Request Pre-Processing
The system employs a Pre-Processor layer to analyze every incoming prompt before it reaches the computationally expensive RAG pipeline. This layer is designed to optimize the user experience by providing instant, low-latency responses for common interactions.
- Instant Greetings: Detects session initiation signals to deliver a personalized, multi-language welcome message immediately. The greeting respects the configured agent language and specific persona settings, bypassing the LLM to ensure zero latency.
- Fast-Path Commands: Handles administrative signals like
RESET:(to clear context) locally, ensuring a snappy interface response.
Pre-Qualification & Guardrails
If JSFE passes the request, a specialized "Gatekeeper" LLM Step analyzes the prompt.

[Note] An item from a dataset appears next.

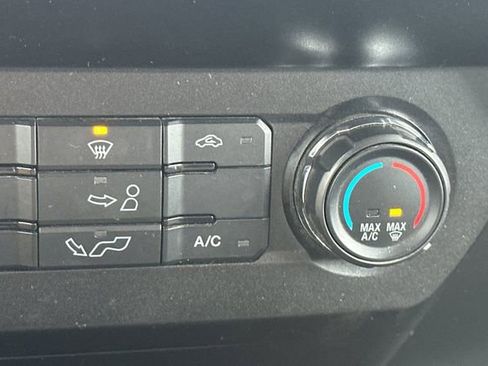 Used 2020 Ford F150 XLT image 29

- Intent Recognition: Rephrases the user's query for optimal search retrieval.
- Safety Checks: Validates against injection attacks or policy violations.
- Heuristics: Determines if the query can be answered from chat history alone or requires fetching fresh knowledge.
Hybrid Search & Retrieval
When knowledge retrieval is necessary:
- Hybrid Search: Executes parallel queries against OpenSearch using both Dense Vector Embeddings (Semantic) and BM25 (Keyword) matching.
- Fusion: Results are normalized and fused to find the most pertinent document chunks.
- Context Construction: High-ranking chunks are assembled into a context window for the final generation step.